M 35, husband 35 M 10 Limbo 9/2009-12/2010 he left for his moms and came home way to many times to count Home 12/2010-present
Take back control. If he lashes out at you, just say, "stop, I will not be spoken to that way. If you would like to discuss something we can, but if you cannot lower your voice and speak to me respectfully then I will leave." Then if he gives you more of the same, leave.
He didn't yell at me... but he did raise his voice a couple of times and I did tell him not to. He acts like he doesn't want to talk about anything at all. To him it is a done deal. Our marriage is "broken" and there is no trust in his opinion. He wants me to agree to these conclusions he has come up with. I refuse to agree. I do think things are definately not good, but I believe that a marriage is forever and that we can make it work and get past this difficult time. He doesn't. He just wants out and he wants me to agree. He refuses to seek any counseling for our marriage (or the depression I am convinced he is suffering from).
M 35, husband 35 M 10 Limbo 9/2009-12/2010 he left for his moms and came home way to many times to count Home 12/2010-present
Quit trying to get him to seek "help" this is pursuing, he has to "fix" himself on his own, you cannot make him do anything, and when you try he runs for the door.
When he is pressuring you to make a decision on his proposal, just tell him to write something up and you will let your lawyer look at it.
He does not think you will not protect yourself does he?
I know he will not get help until he is ready to. Why would he want to get help now anyway? He is living his fantasy, care free life at his Mom's. He pretty much has no responsibility there and he can see and talk with the OW. Life is good for him....in the non-real world.

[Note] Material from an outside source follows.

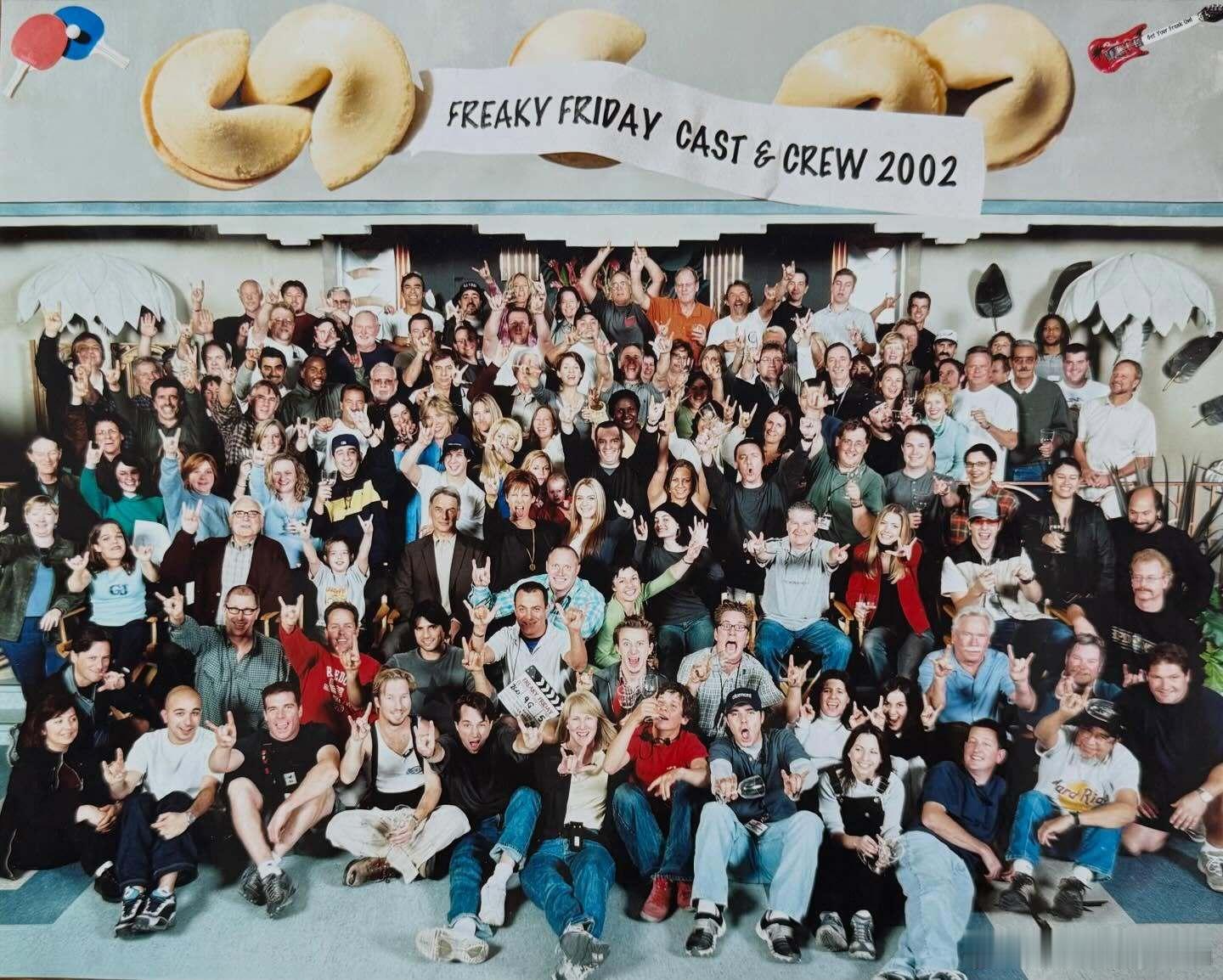 为怀念这个月离世的电影制片人Andrew Gunn，新释出了多张Lindsay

In case you couldn't tell, I am bitter and just pissed that he is doing this. I'm not sure where his rational thinking is. If he does bring up divorce again, I will tell him to write something up and I will show it to my lawyer. I don't know if he thinks I will or will not protect myself. This might scare him some or maybe just piss off his fantasy life
M 35, husband 35 M 10 Limbo 9/2009-12/2010 he left for his moms and came home way to many times to count Home 12/2010-present
Time to act "as if" and getting a life for yourself. You cannot control him or his actions or anything else about him, only control what you can control and that is yourself.

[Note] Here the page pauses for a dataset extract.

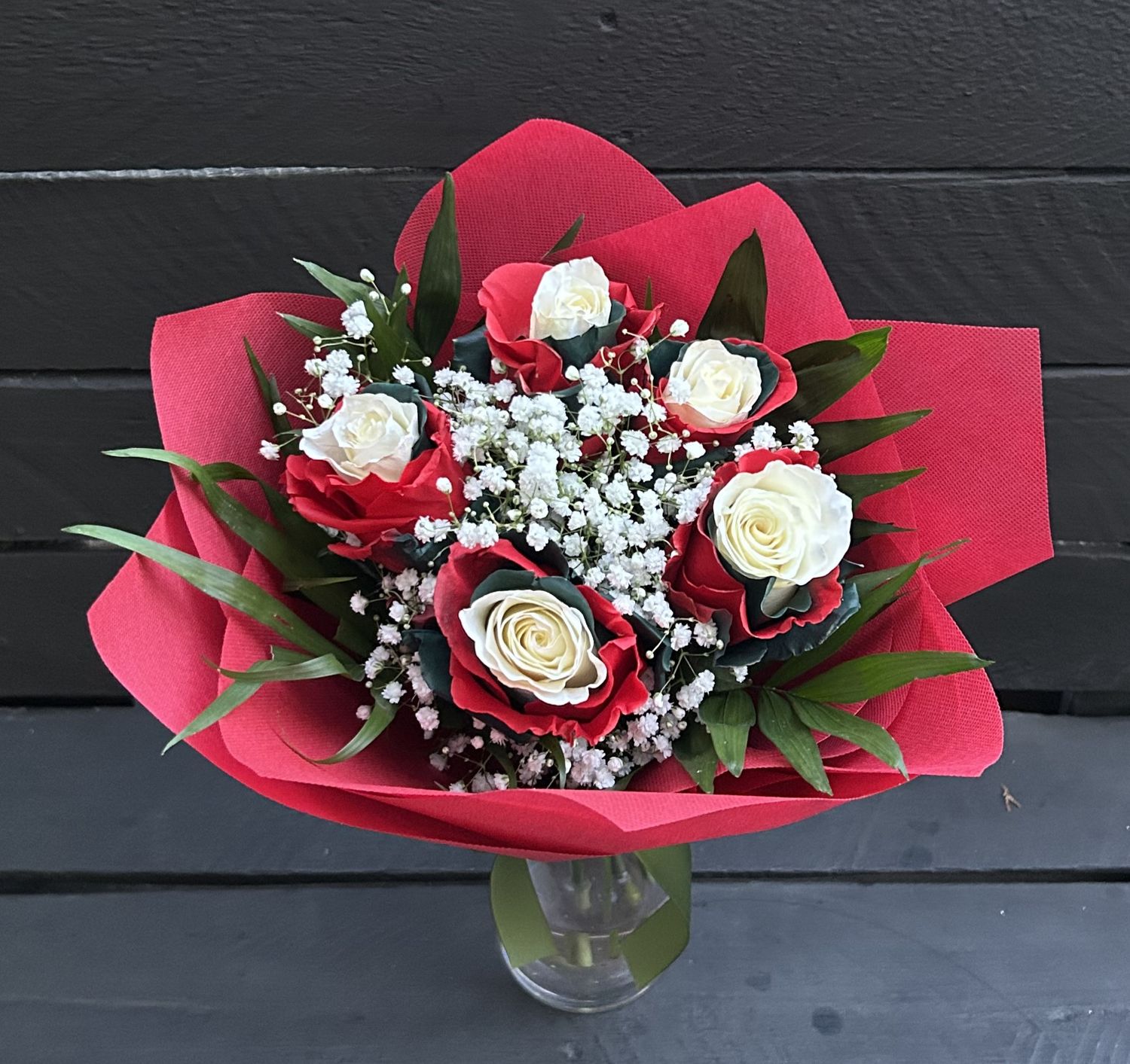 B06 - 5 Tinted Roses Bouquet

Hey, my wife and I are together and happy. Now about 14 months after D-day. But hey, I still taste that bitterness every now and then that she would threaten my family. I can forgive however, and I have, but I will never forget it.
I know I cannot control him. Although part of me thinks he wants me to shake him and wake him up. A couple of months ago I told him that I couldn't tell him what to do and never could. He laughed and said that I always could tell him and he just sort of stared at me like he was waiting for me to tell him again.... anyway, enough. Now I am going to just that and act "as if".
Are you really together with your wife again after being divorced? I do think we can forgive and forget for periods of time but you never forget completely. My husband would not agree with this...he is again looking for reasons on why we should be divorced.
M 35, husband 35 M 10 Limbo 9/2009-12/2010 he left for his moms and came home way to many times to count Home 12/2010-present
I feel it is a pretty normal feeling for the walk away spouse to have no responsibility or be somewhere with no responsibility. For me, my H left me with our S, which I would not have any other way, and did not see him or call to check up on him consistently and still doesn't, or pay any child support for the first 5 months. He finally started paying when he moved back in for 2 weeks.
It is important to stop focusing on him and to focus on you. The more you focus on you and you being happy, the more he will wonder and be drawn in.
Me29 S3 H left 4/1/09 I file 8/2/10 Divorce final 5/17/11 1st http://www.tinyurl.com/25lhu52 2nd http://www.tinyurl.com/2c35ueg 3rd http://www.tinyurl.com/322yk89
Sorry, wrong one, I meant the bomb, she said she wanted a D, did not want to work on it, I never loved you, I hate being around you, We can be friends, blah, blah blah. See I cannot forget, but forgiveness is a gift to myself.